* WHAT THE TASK ASKS:
Give back exactly the lines from the "Yellow, variant on" line to the final line of the records, and only those, minus any pictures.

* SUPPLIED MATERIAL:

#####

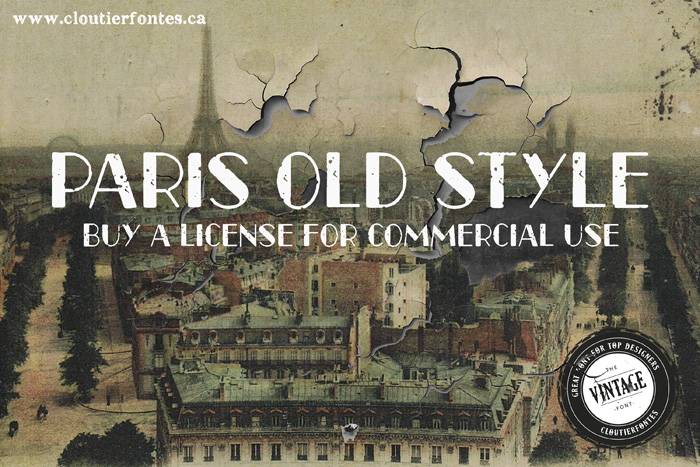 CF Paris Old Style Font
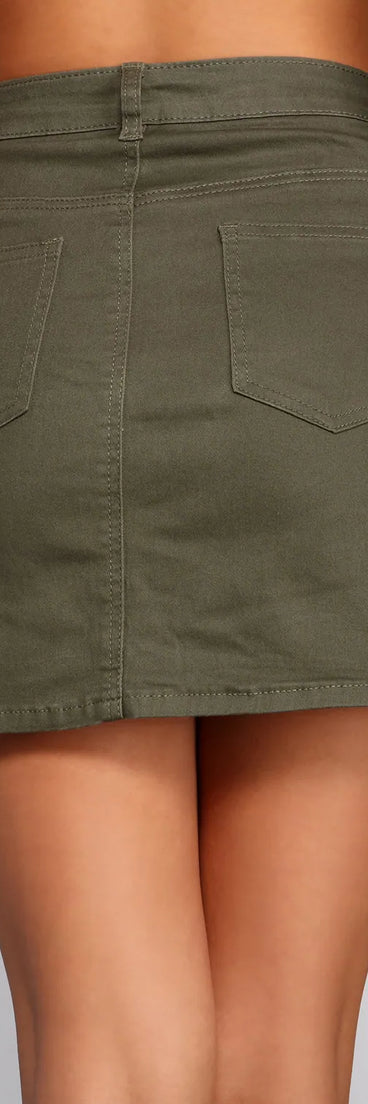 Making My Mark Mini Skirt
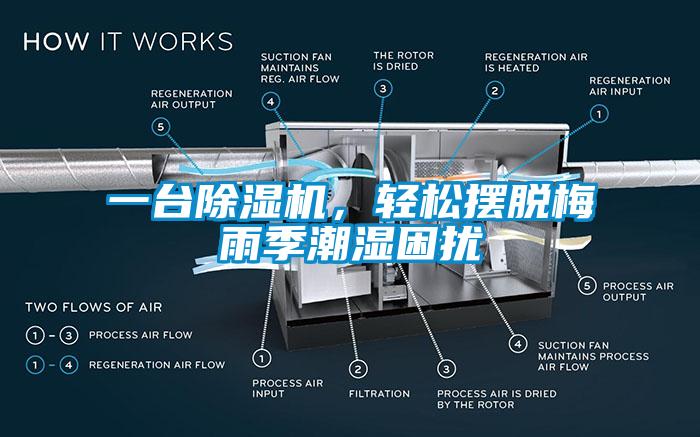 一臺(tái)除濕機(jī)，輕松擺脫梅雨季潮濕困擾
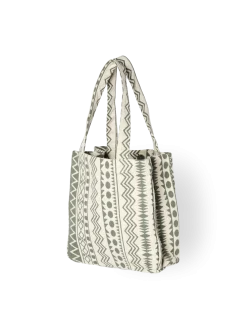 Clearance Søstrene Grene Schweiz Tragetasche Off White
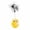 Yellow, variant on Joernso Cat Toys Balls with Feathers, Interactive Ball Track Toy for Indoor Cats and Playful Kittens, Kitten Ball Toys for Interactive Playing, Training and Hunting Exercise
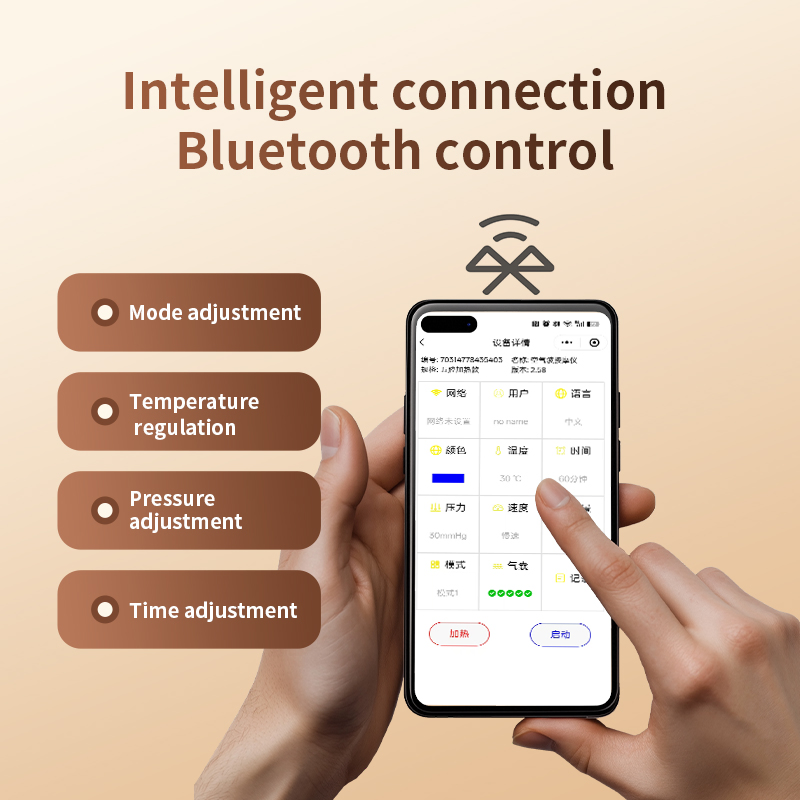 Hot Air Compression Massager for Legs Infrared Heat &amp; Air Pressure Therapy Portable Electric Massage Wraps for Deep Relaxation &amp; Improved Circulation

#####

* EXERCISE SOLUTION:
 Yellow, variant on Joernso Cat Toys Balls with Feathers, Interactive Ball Track Toy for Indoor Cats and Playful Kittens, Kitten Ball Toys for Interactive Playing, Training and Hunting Exercise
 Hot Air Compression Massager for Legs Infrared Heat &amp; Air Pressure Therapy Portable Electric Massage Wraps for Deep Relaxation &amp; Improved Circulation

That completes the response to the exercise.